Fannie Mae says that housing added to third-quarter growth for the first time in more than a year and a half, and the ESR Group expects it to continue into the fourth quarter and first half of 2020.
“Even as global uncertainties mount, we continue to expect the domestic economy to produce solid, if not spectacular, growth,” says Fannie Mae Senior Vice President and Chief Economist Doug Duncan. “A stronger-than-expected third quarter contributed to the downward revision to our fourth quarter forecast, as some of the previously expected weakness in trade and inventories appears likely to have been pushed back into this quarter.”
Duncan says consumer spending will likely continue driving the expansion forward, and “with the passage of the budget act and a reprieve in trade tensions we’ve revised upward our forecast for full-year 2020 growth. We also continue to expect the Fed to cut interest rates only one more time in the foreseeable future, in early 2020, as a hedge against the sizeable downside risks and to counteract muted inflation.”

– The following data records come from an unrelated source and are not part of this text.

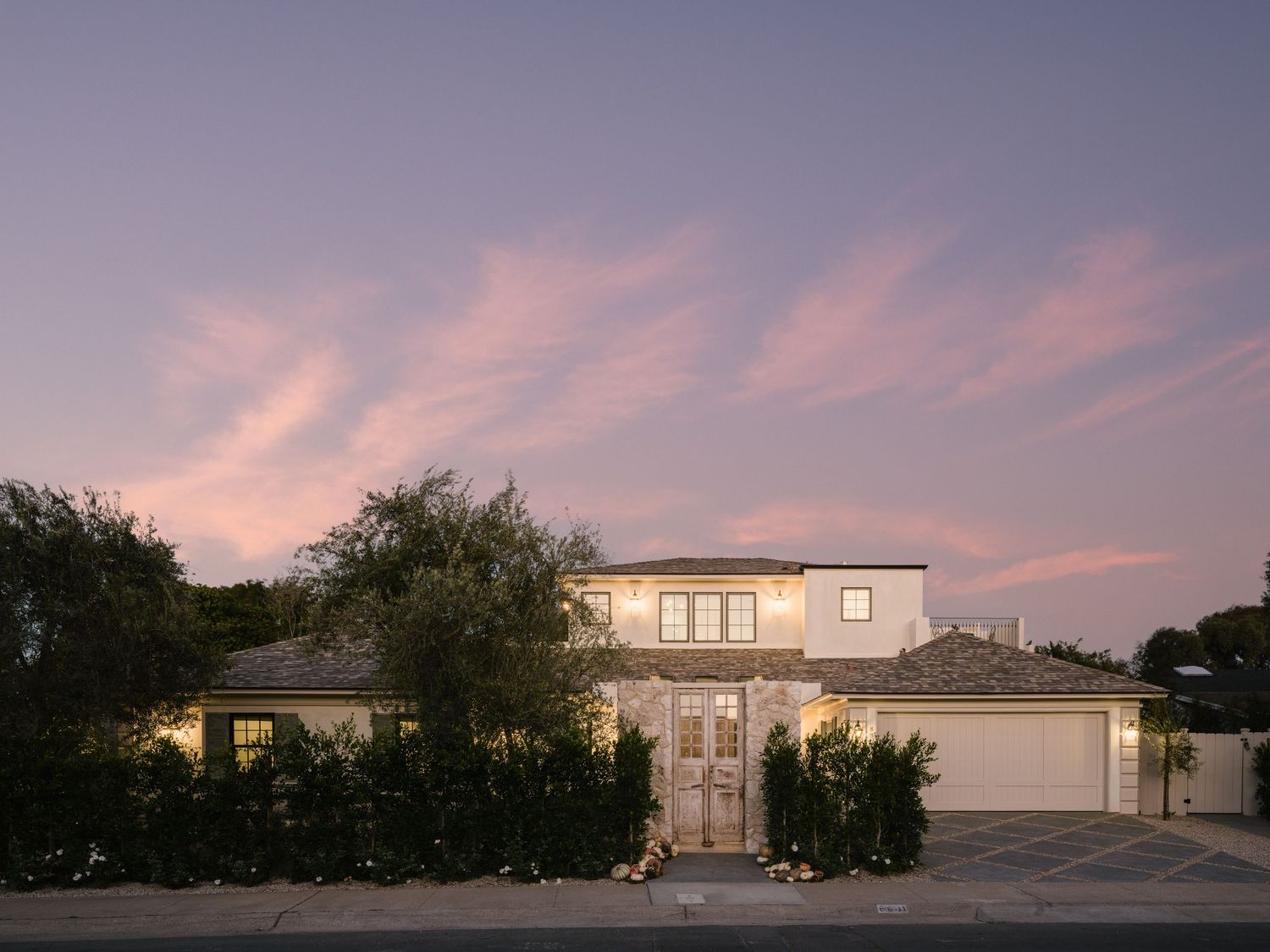 La Jolla luxury real estate twilight exterior with modern architectural design refined details and high end lighting in soft evening light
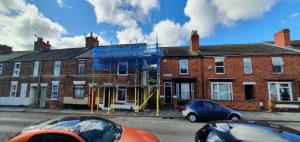 terraced house with scaffolding on the front - image 4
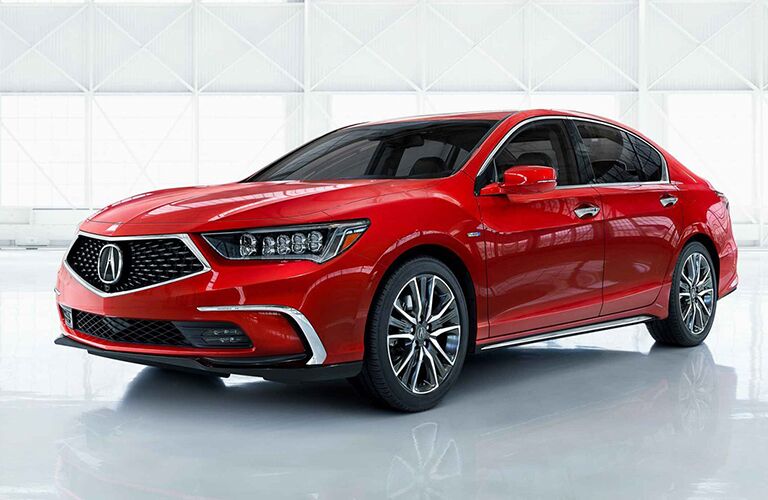 Red 2019 Acura RLX parked in white room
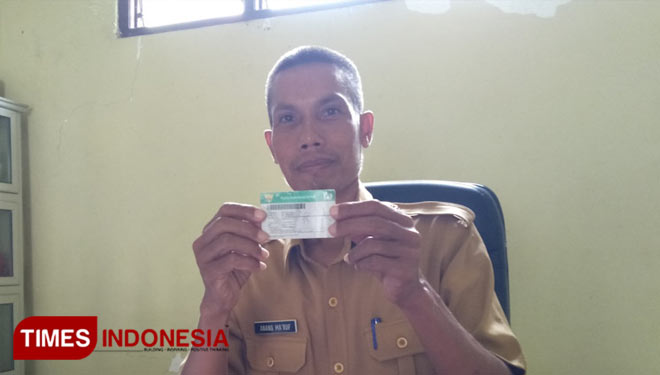 Kades Anang Ma'ruf saat membawa kartu JKN-KIS miliknya (Foto: Akmal/TIMES Indonesia).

Fannie Mae expects consumer spending is expected to remain the primary driver of economic growth for the forecast horizon. Housing should also function as a positive contributor to growth in the near term, as indicated by both new and existing single-family home sales advancing in the third quarter, as well as pending home sales, permits and starts.
However, it says persistent supply and affordability constraints in the housing market continue to hold back household formation, inhibiting housing market activity.
While data remains largely positive, Fannie Mae notes risks to its forecast weighted to the downside. Those risks include a potential breakdown in trade talks between the United States and China, as well as ongoing political uncertainty abroad. It currently expects one more rate cut from the Federal Reserve in early 2020 and then a pause for the remainder of the year.
“As we forecasted, housing supported the larger economy in the third quarter, and we expect it to continue to play a productive role through the first half of 2020,” says Duncan. “Positive contributions from single-family housing construction, home improvements, and brokers fees pushed residential fixed investment growth to a robust 5.1% annualized pace this past quarter, and we forecast continued but moderating strength as construction activity and home sales growth continue at a slower pace.”
As mortgage rates stabilize, Duncan expects “a decline in refinance activity in 2020, with the refinance share of originations dropping from a projected 37% in 2019 to 31%.”